I normally want a plot in a book, and I missed it in Notes. I normally want to empathise with the characters, and yet despite being in all the viewpoints in Notes, I eventually found myself with an empathy overload. I couldn’t care about all these characters. The opposite was true of Yiddish Policeman. We were more or less exclusively in one viewpoint, that of Meyer Landsman, and I cared what happened to him, to his wife, to his partner, Berko, and his wife – I cared because I loved his wise-cracking voice and the knowledge of his pain. As for the plot, it was so complicated, I read the book twice, in order to make a presentation to the book circle, but before I had finished, first time around, I had already realised I was enjoying the book because of the language, (including some of Yiddish which I understood,) not necessarily the frequent use of 4-letter words, but the English – the use of metaphor and the descriptions, as well as the humour. It is very rare for me to enjoy a book because of the style, but this time, I did. It made me aware of my own plain writing style and, whereas I’ve sometimes read a book and thought, mine’s as good as this, on this occasion, I thought – I could never write like this – with much regret.

I might do a more detailed review later on. Shortly I am expecting the ProdigalD and family. It is some time since we last saw them, and I am looking forward to seeing my newest granddaughter, who is now five months old, as well as big sister.

Sunday, February 07, 2010

No prizes for rambling

The last couple of weeks have allowed me to escape from the originally snow-bound prison, much more. We have even seen some sunshine, which has allowed us to reside in a fool’s paradise, since I hear that yet more snow is forecast in the coming week.

However, during the last couple of weeks, I have been to a regular meeting at Guildford Writers, during which I read a first draft of part of my latest story. The lack of enthusiasm sent me back to the drawing board, and I’ve rewritten it a further three times, each time allowing a day’s grace, to look at it afresh. I think it’s improved now, and will take it once again on this coming Tuesday, when the intrepid travellers returned from India (Irene and Jennifer) will hopefully be in attendance again, with tales of their holiday.

Other social events included a visit from bro-in-law, a visit to the OM’s aunt, last Sunday, and a wedding, yesterday, to Eltham Palace, not far from Greenwich, the childhood home of king Henry VIII, although, to quote from the website, all that remains of the vast original palace is the Great Hall, which is where the ceremony and dinner took place.

In the 1930s, the remains of
Eltham Palace were bought by the wealthy artistic couple Stephen and Virginia Courtauld, who designed and built a mansion in art deco style at the site that incorporated the Great Hall. We took a tour around the building, which added an extra dimension to the wedding of our young friends – the groom, known to us since he was a year old baby, just a month older than our daughter. We didn’t get to bed till past 1.00 a. m., so are somewhat shattered today.

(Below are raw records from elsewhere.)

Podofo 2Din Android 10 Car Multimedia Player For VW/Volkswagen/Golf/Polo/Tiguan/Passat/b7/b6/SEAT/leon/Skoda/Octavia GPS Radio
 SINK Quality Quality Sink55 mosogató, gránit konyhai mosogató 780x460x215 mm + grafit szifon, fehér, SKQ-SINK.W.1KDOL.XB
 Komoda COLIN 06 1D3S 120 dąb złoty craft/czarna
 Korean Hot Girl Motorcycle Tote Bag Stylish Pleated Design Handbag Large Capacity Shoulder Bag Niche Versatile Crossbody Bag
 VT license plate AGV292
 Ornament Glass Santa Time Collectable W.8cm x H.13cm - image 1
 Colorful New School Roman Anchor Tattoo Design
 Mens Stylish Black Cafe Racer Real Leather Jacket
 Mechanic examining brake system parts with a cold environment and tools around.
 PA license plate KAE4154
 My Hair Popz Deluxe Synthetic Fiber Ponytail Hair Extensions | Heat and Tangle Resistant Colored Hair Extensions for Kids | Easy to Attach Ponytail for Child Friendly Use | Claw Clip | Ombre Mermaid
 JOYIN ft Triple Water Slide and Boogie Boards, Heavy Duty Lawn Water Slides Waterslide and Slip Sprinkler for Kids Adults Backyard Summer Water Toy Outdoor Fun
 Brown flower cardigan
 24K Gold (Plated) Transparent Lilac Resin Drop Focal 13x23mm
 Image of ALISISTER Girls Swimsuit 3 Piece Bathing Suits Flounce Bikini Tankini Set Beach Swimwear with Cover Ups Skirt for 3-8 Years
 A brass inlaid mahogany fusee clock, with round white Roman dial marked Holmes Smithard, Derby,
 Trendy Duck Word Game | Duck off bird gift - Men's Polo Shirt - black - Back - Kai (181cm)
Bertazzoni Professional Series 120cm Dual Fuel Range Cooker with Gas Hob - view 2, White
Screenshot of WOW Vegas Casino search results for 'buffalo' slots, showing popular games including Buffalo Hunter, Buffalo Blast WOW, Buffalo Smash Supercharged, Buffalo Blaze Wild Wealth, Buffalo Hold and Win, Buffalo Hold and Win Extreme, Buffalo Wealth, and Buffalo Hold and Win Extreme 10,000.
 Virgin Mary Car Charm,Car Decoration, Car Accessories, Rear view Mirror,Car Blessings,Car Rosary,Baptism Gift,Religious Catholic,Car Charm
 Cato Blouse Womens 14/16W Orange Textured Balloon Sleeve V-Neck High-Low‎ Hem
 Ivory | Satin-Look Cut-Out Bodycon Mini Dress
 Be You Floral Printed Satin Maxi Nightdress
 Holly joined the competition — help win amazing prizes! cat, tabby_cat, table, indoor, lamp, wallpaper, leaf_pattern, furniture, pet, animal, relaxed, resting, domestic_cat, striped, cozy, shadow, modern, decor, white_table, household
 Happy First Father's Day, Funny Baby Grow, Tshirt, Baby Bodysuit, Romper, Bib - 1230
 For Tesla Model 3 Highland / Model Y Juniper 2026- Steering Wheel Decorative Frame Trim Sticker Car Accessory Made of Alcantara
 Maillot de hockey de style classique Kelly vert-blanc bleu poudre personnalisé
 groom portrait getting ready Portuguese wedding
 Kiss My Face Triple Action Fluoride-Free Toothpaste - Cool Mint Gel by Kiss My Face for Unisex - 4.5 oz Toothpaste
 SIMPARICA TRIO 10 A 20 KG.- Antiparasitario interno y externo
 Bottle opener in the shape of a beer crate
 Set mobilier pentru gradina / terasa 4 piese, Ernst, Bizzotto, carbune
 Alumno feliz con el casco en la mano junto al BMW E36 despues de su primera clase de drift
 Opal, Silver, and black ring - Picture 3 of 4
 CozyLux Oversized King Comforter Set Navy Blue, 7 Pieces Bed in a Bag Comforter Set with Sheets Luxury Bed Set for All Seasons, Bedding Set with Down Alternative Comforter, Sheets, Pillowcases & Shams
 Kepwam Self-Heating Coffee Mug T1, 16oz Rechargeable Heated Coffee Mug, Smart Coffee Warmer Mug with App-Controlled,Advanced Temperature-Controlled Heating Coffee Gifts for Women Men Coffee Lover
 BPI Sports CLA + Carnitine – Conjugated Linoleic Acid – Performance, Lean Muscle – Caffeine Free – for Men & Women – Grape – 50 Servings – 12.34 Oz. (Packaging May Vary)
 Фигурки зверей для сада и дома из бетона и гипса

With the other Goldenford members home again, we carried out a presentation at Bramley Library for one of their two reading circles, at which we were made very welcome, and were happy to sell copies of our books to them. Because two meetings had to be condensed into one, as a previous one had been postponed because of the January weather, we kept our talk to a mere ten minutes each, and in this were far more restrained than the host, groom and others during the wedding speeches. Speeches, like articles, I feel, should be edited and all ramblings excluded. We have another Bramley talk in a few weeks, though we may be a little more self indulgent, with another five minutes each, to play with.

My copy of Writers’ News arrived during the week, with a piece about Irene, in it, and also a surprise for me, in that a letter I sent, criticising the way Amazon deals with small and mid-list publishers, was their ‘Star Letter’. I look forward to receiving from the a copy of Writers’ Market 2010, as my prize. Needless to say, it was carefully written and reread before being sent off. Spontaneity doesn’t always win prizes.